Além disso, é preciso reconhecer que a esquerda brasileira tem historicamente deixado as pautas raciais em último plano – pense se já existiu um projeto de segurança pública que deixe de encarcerar e assassinar jovens negros. Mesmo se propondo a ser um espectro político de inclusão e justiça social, ela falha em priorizar as demandas da população negra, que constitui a maior parte do país. Essa falta de comprometimento com as questões raciais contribui para a desconexão entre a esquerda e a maioria da população brasileira, que espera ver suas realidades e lutas refletidas na agenda política.

É inegável que há uma lacuna gigantesca de representatividade nos espaços de poder. Quando olhamos para as secretarias municipais e até mesmo para os ministérios, apesar de algum avanço, o cenário ainda é pouco diverso. A falsa simetria é perigosa e ineficaz; ela camufla a real desigualdade na ocupação desses espaços. A população negra representa 56% dos brasileiros, mas essa maioria não se reflete nos espaços de tomada de decisão, muito menos na cúpula dos partidos de esquerda. A extrema direita entendeu isso de uma forma pragmática, ainda que questionável em suas motivações e sinceridade, e tem se aproximado da população, mesmo que por vias conservadoras.

O público em geral muitas vezes não distingue claramente entre direita e esquerda, menos ainda entre os extremos. A escolha política muitas vezes é pautada pela identificação visual e social, por quem parece com eles, quem fala a mesma língua e vive as mesmas dores. É aí que figuras como Jojo Todynho se tornam relevantes. Ela tem a cara da minha mãe, das minhas tias e primas, e reconhece isso em seu discurso. Essa identificação é poderosa e tem sido um ponto de interrogação crescente sobre o quanto a esquerda está disposta a se repensar.

Temos uma infinidade de pessoas negras de esquerda com competência se candidatando, mas que se veem esmagadas pela falta de recursos e apoio dentro dos próprios partidos. E isso ocorre, lamentavelmente, principalmente na esquerda, que se propõe a ser o lado da inclusão e da representatividade.
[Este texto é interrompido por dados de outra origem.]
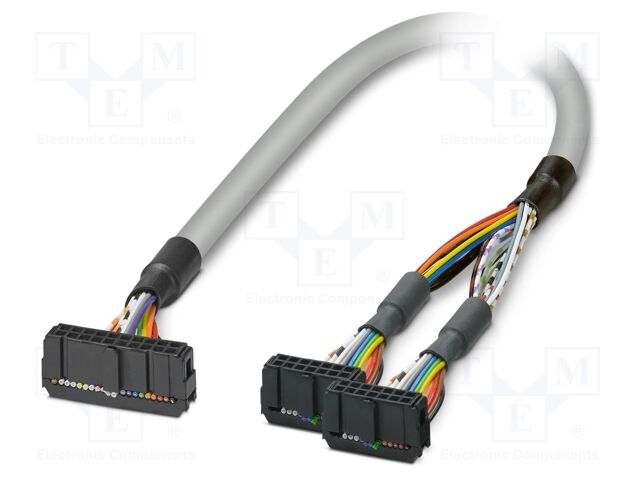 Ribbon cable with IDC connectors; Contacts ph: 2.54mm; 10m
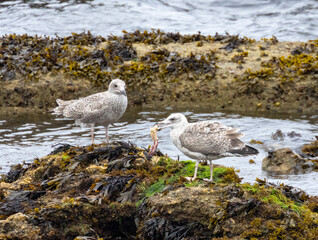Herring gull seabirds with crab on the rocks of the shore line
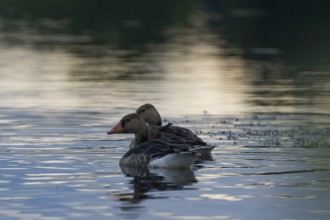 Greylag goose, Anser anser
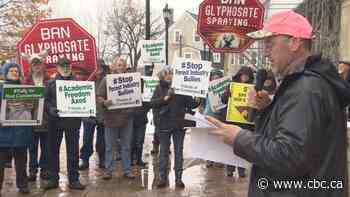 In New Brunswick, opposing forestry industry practices can be dangerous for your career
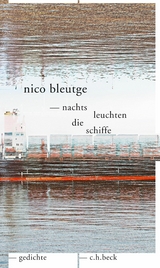 nachts leuchten die schiffe - Nico Bleutge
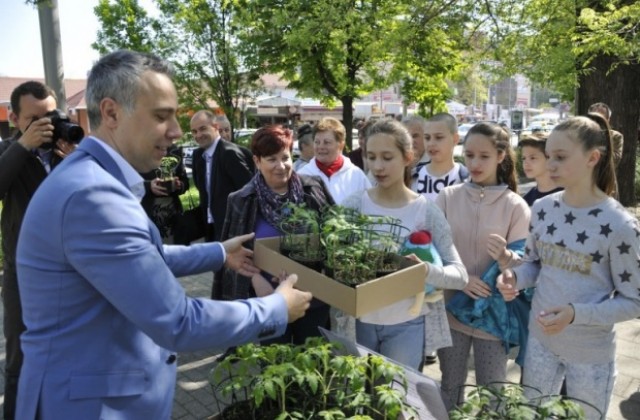 В Кишпещ ще оглеждат български домати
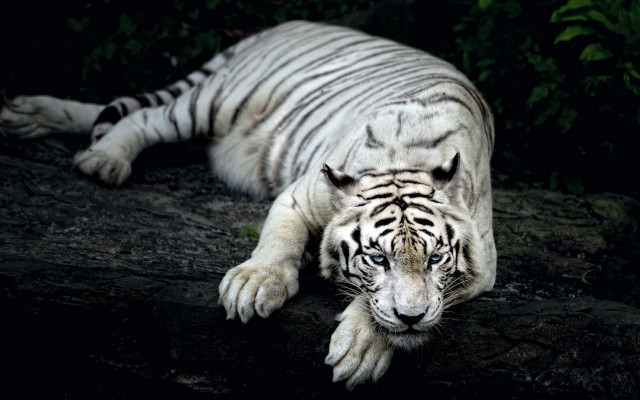 White tiger rock night closed free wallpaper - medium preview image
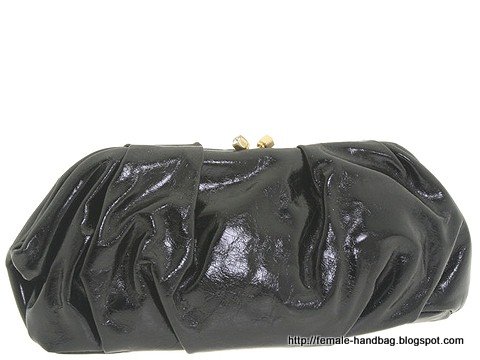 Female-handbag:handbag-1217177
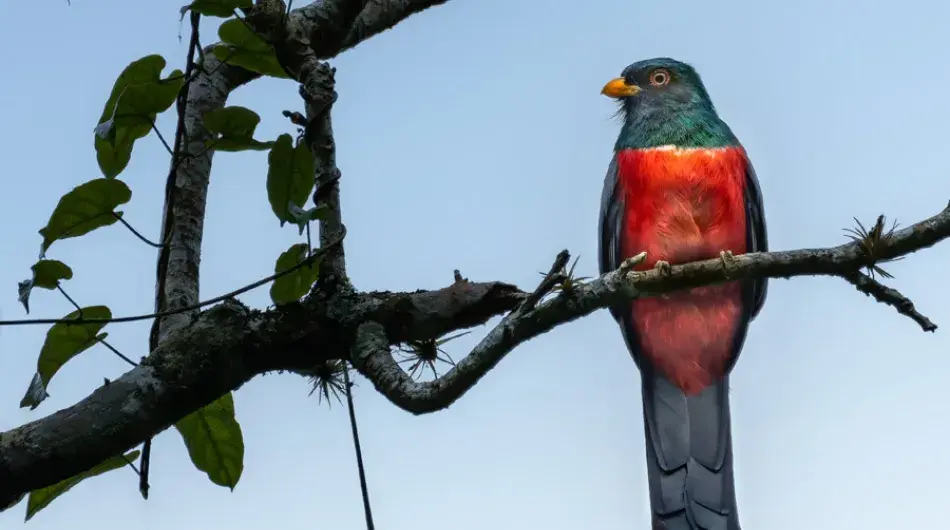 Black-tailed Trogon in coastal rainforest of Puerto Lopez, Ecuador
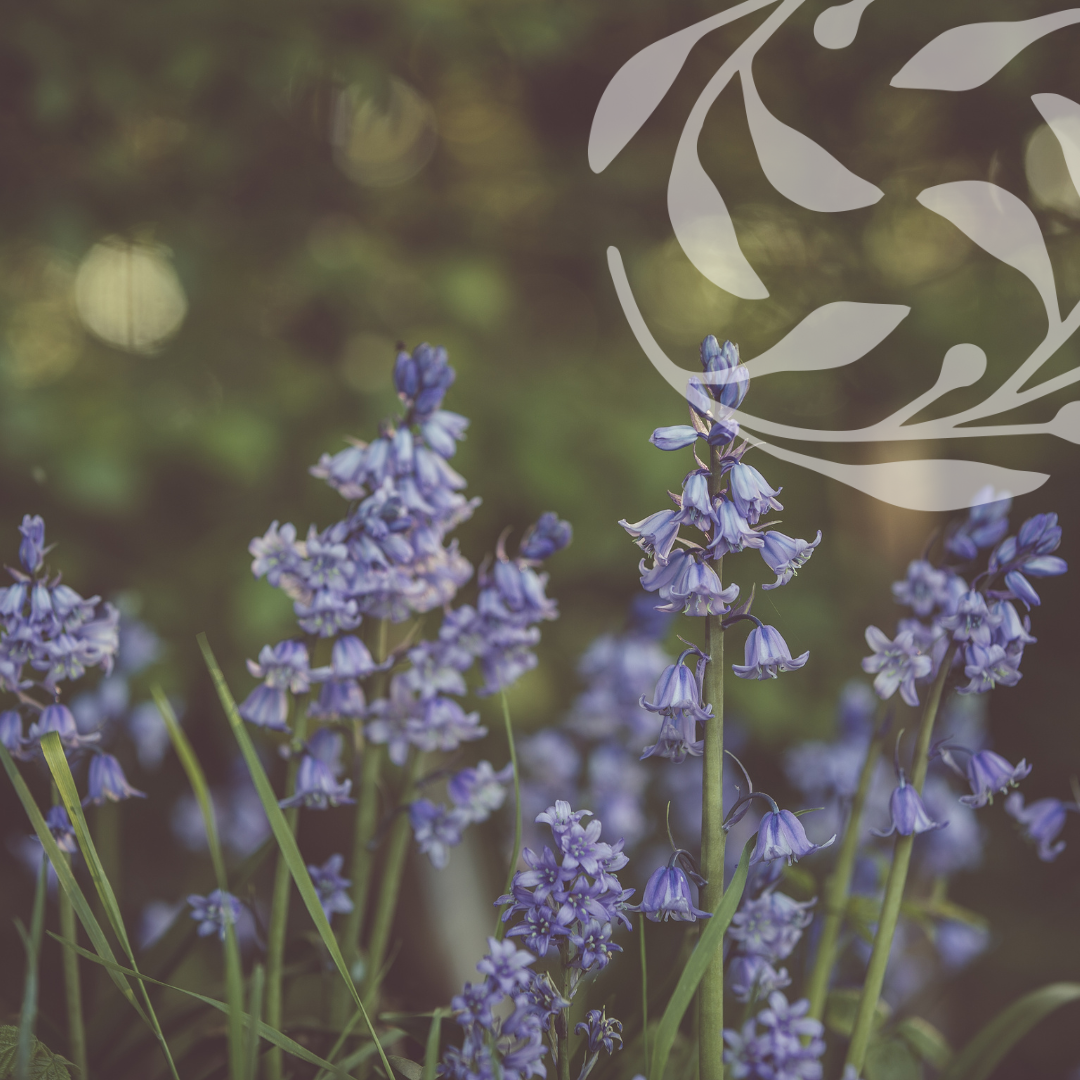 Stress & Sleep → Lavender in warm dusk light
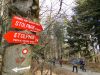 Marjan_Pauric_Stolpnik_2017-054.JPG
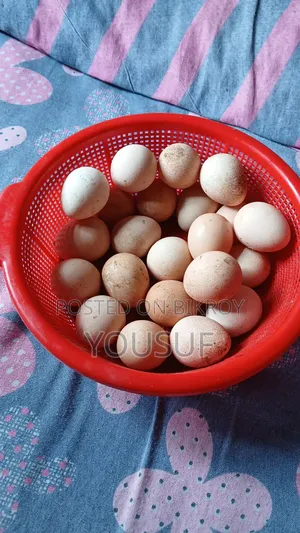 Chinese chicken eggs for sale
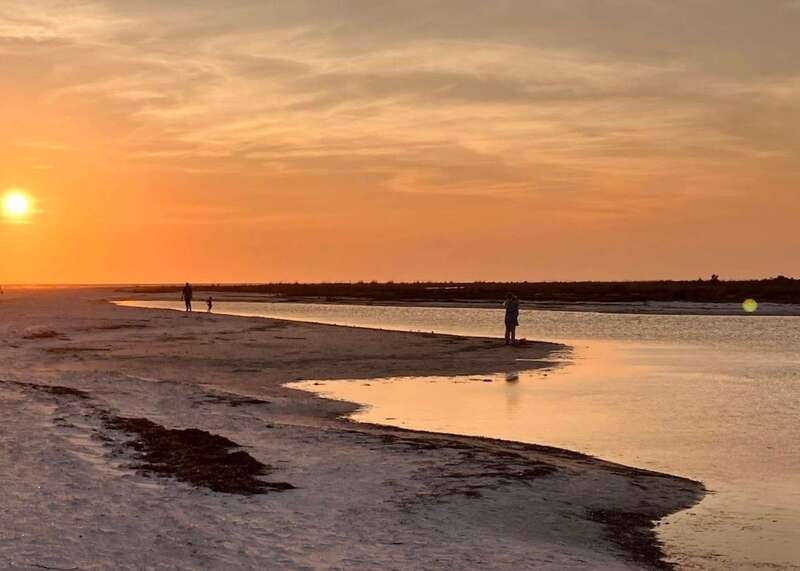 Tarpon Springs: Evening Dolphin Cruise - Anclote Key Stop: Shelling, Swimming, and Beach Time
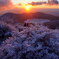 朝焼けの霧氷珊瑚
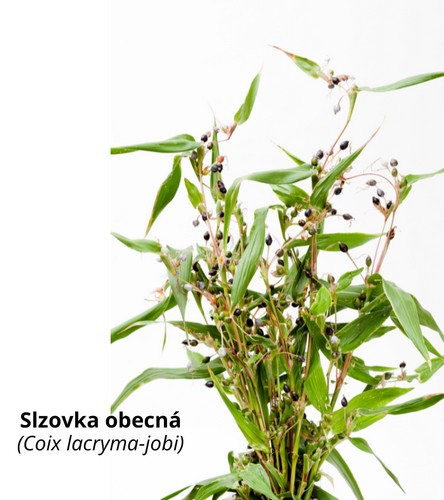 Slzovka obecná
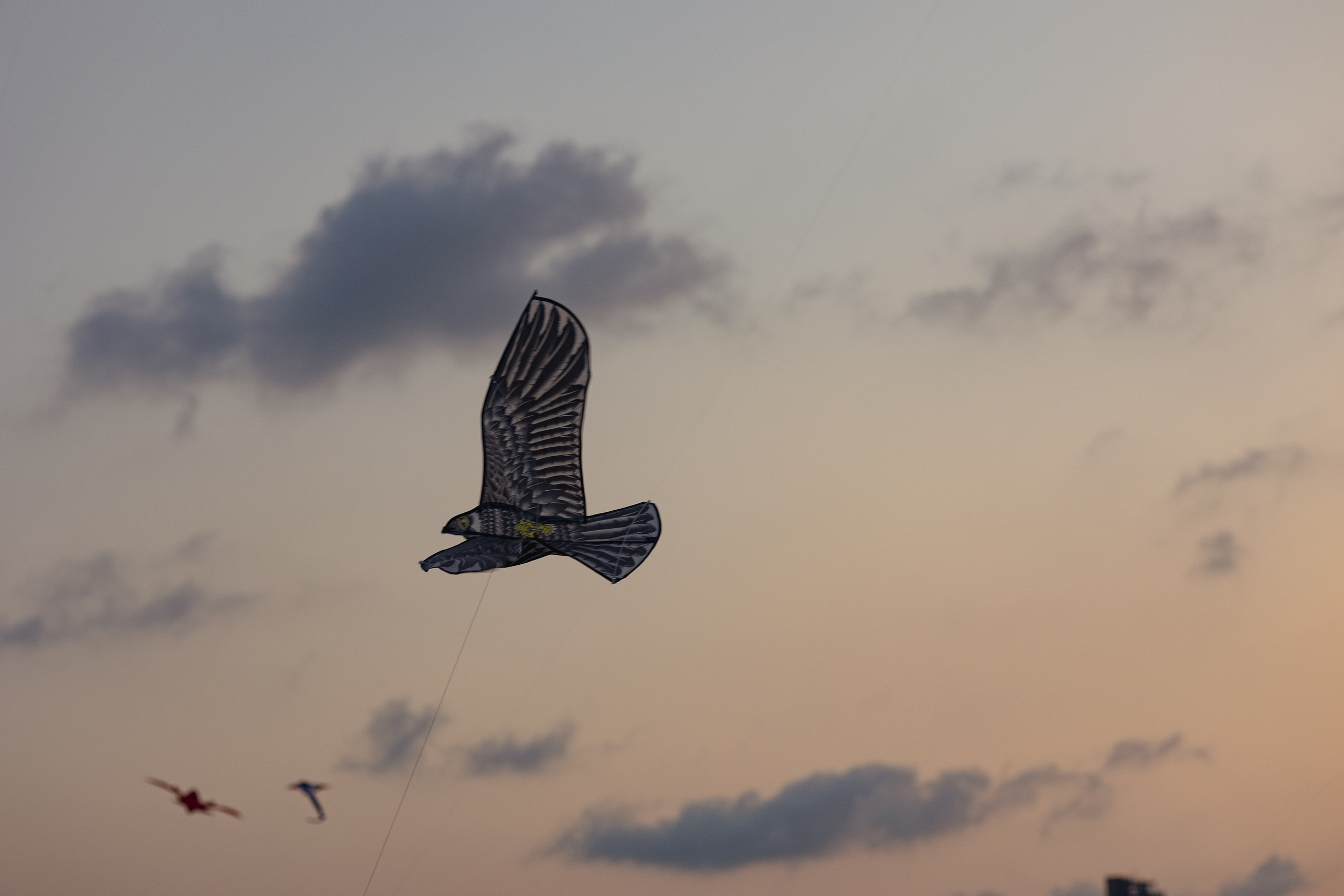 PATTAYA INTERNATIONAL KITE ON THE BEACH 2024. Photographer Sonkina Tatiana (Tanya Ash)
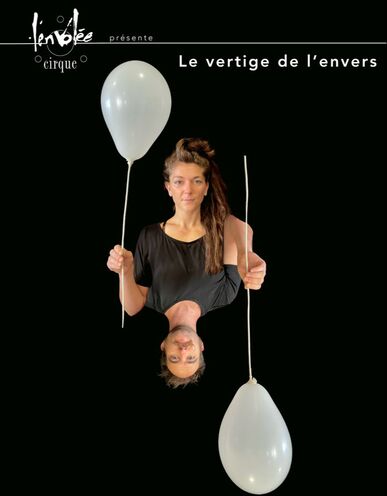 a2-affiche-vde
A distribuição desigual de poder dentro dessas estruturas partidárias ainda beneficia homens brancos, que muitas vezes parecem mais preocupados com seus próprios projetos pessoais de poder do que com uma real mudança estrutural que beneficie a maioria da população.

Ainda há tempo para virar esse jogo. A esquerda precisa aprender com os erros do passado e olhar para o futuro com uma estratégia que coloque em primeiro plano as necessidades e rostos da população que diz representar. Isso requer um movimento interno, um repensar das práticas e prioridades. Os homens brancos que hoje ocupam grande parte dos espaços de poder precisam, em um gesto de inteligência e abnegação, abrir espaço e colaborar para que novas vozes, que de fato refletem a diversidade brasileira, assumam seus lugares.

Jojo Todynho nos lembra que a política não é feita apenas de ideias, mas de pessoas reais com rostos e histórias. A esquerda precisa entender que para voltar a conquistar a maioria, é preciso ter a coragem de renunciar a velhas estruturas e abraçar, de fato, a pluralidade que compõe o Brasil. Sem isso, continuaremos a ver um distanciamento crescente entre a política e o povo, e a perda de uma oportunidade histórica de transformação verdadeira.